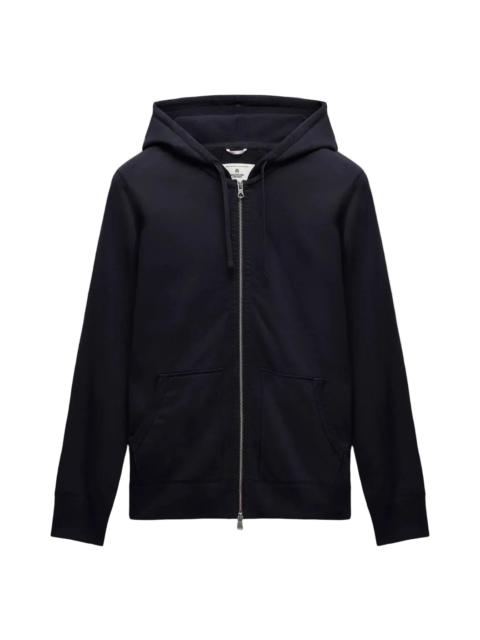 Midweight Terry Slim Zip Hoodie Navy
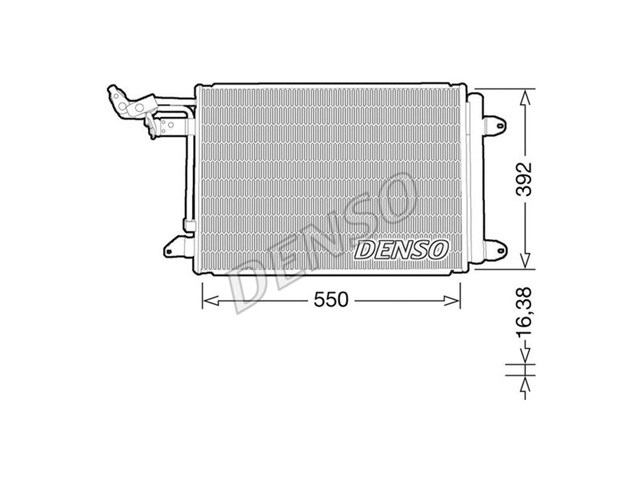Радиатор отопителя салона Audi A3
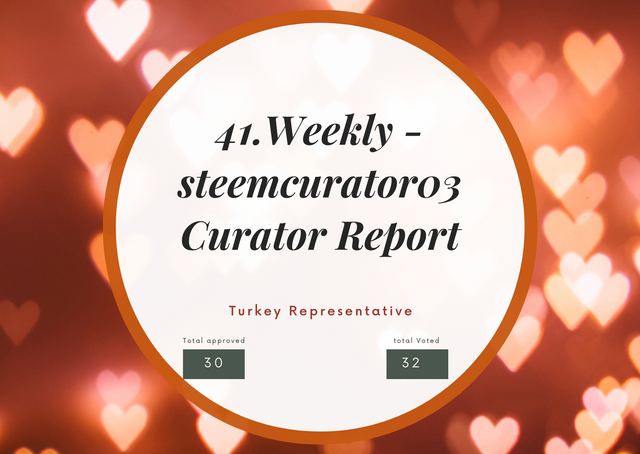 Second Weekly -steemcurator03 Turkey Curator Report.png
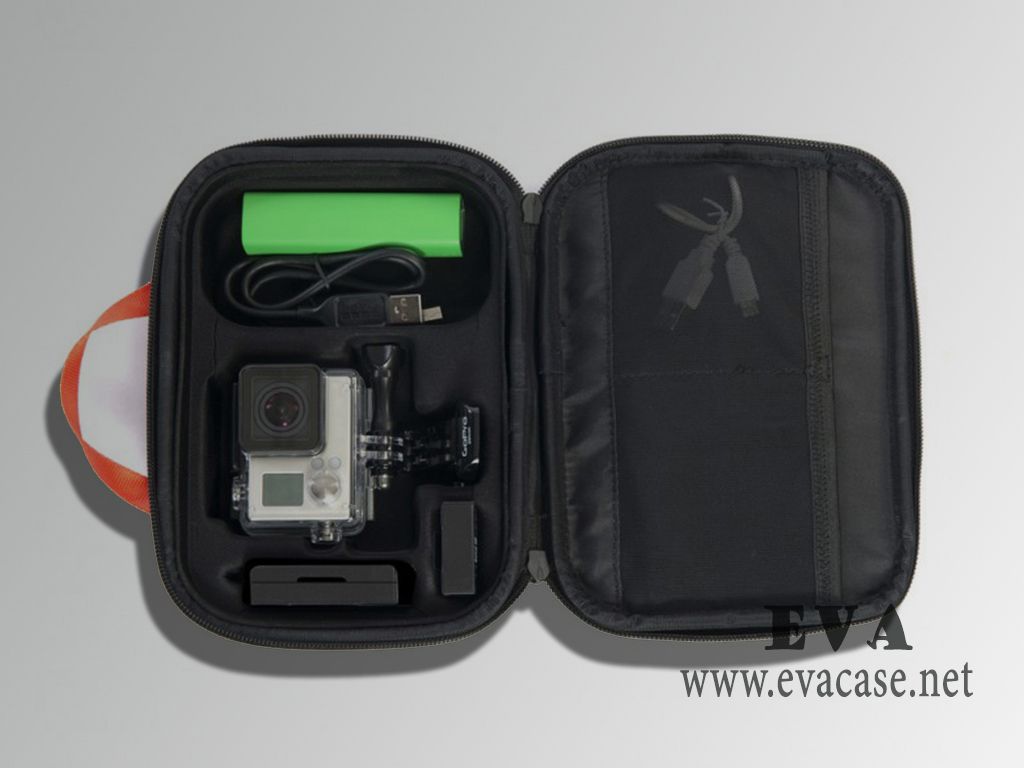 go pro pov carrying hard case inside view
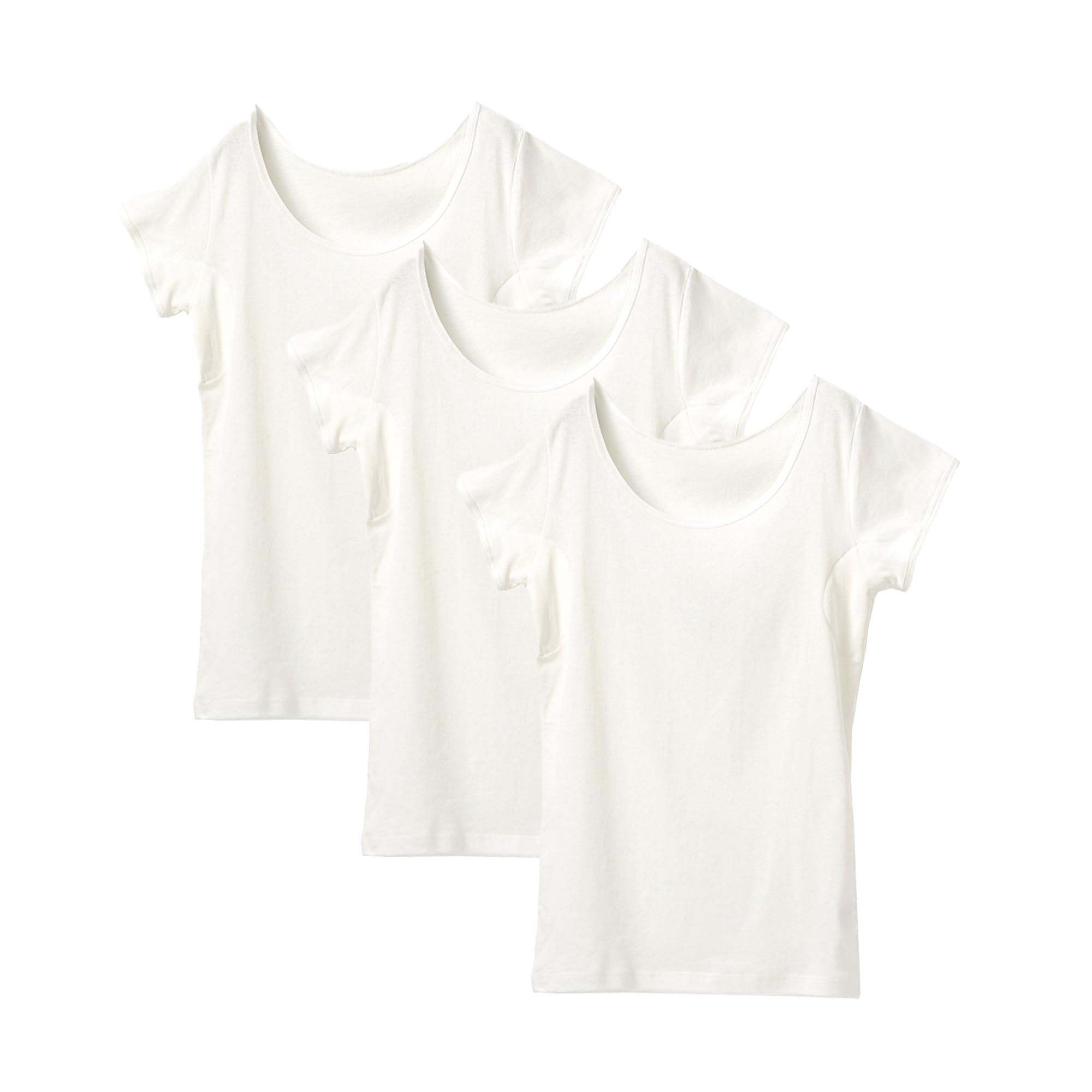 

Короткий трикотажный топ Shirasagi Dry French, впитывающий пот, 3 штуки, телесный, 100% хлопок, рукав, рукав, влагоотводящее нижнее белье, женский, подкладки, M9482P-E, LL,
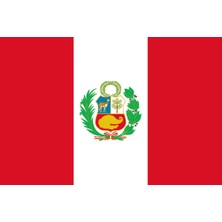 Peru Ülke Bayrağı 45X30CM Duvar Tablosu Çerçevesiz Pvc Tablo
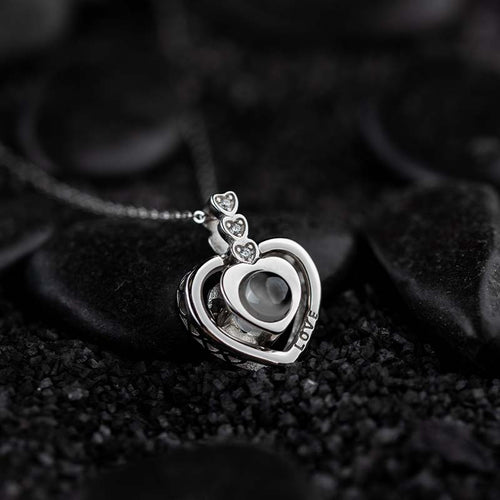 Silver Necklace "I Love You" in 100 Languages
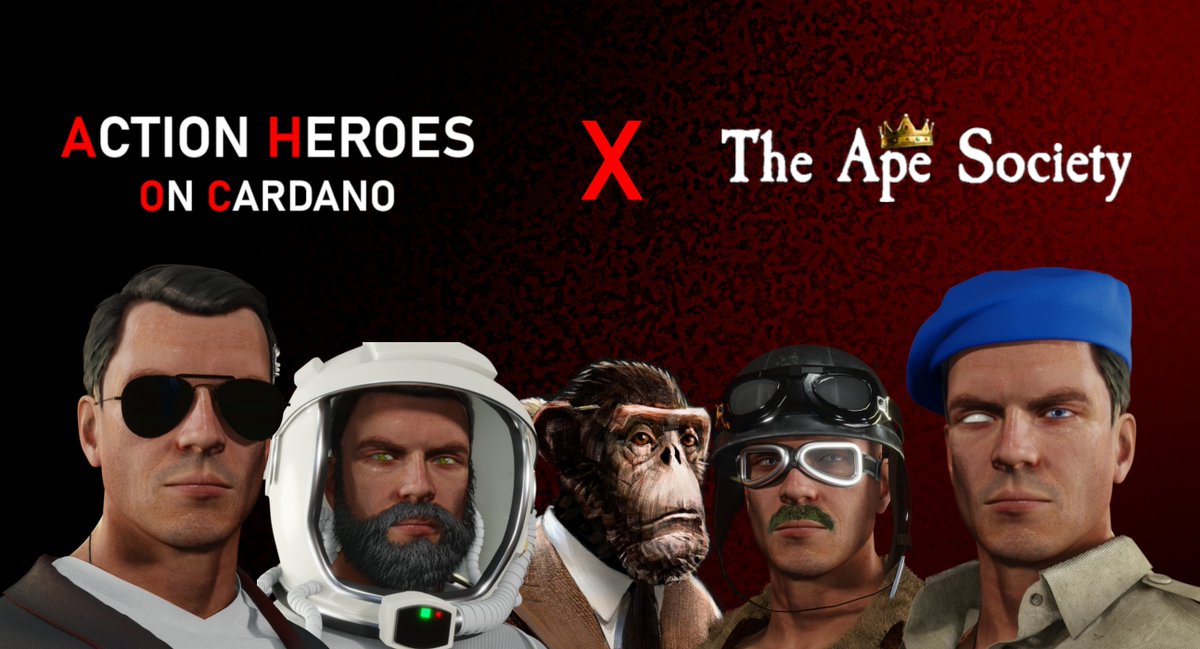 ActionHeroesNFT's tweet image. 🚨 #Giveaway 🚨

Awesome @the_ape_society was so generous and gave Action Heroes WL spots😀💪 Thank you❗️

🏆 1x Ape Society COTAS mint WL spot❗️ 😱

❤️ Like
🔄 Retweet
💪 Tag 3 friends

48h ⌛️

#TheActionHasArrived #NFT #NFTs #Cardano #CardanoCommunity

◇ ◇ ◇ ◇ ◇

Once the line containing "Peru Ülke Bayrağı" has been found, write out exactly that line and each one after it through the end of the data, leaving out every picture.

 Peru Ülke Bayrağı 45X30CM Duvar Tablosu Çerçevesiz Pvc Tablo
 Silver Necklace "I Love You" in 100 Languages
 ActionHeroesNFT's tweet image. 🚨 #Giveaway 🚨

Awesome @the_ape_society was so generous and gave Action Heroes WL spots😀💪 Thank you❗️

🏆 1x Ape Society COTAS mint WL spot❗️ 😱

❤️ Like
🔄 Retweet
💪 Tag 3 friends

48h ⌛️

#TheActionHasArrived #NFT #NFTs #Cardano #CardanoCommunity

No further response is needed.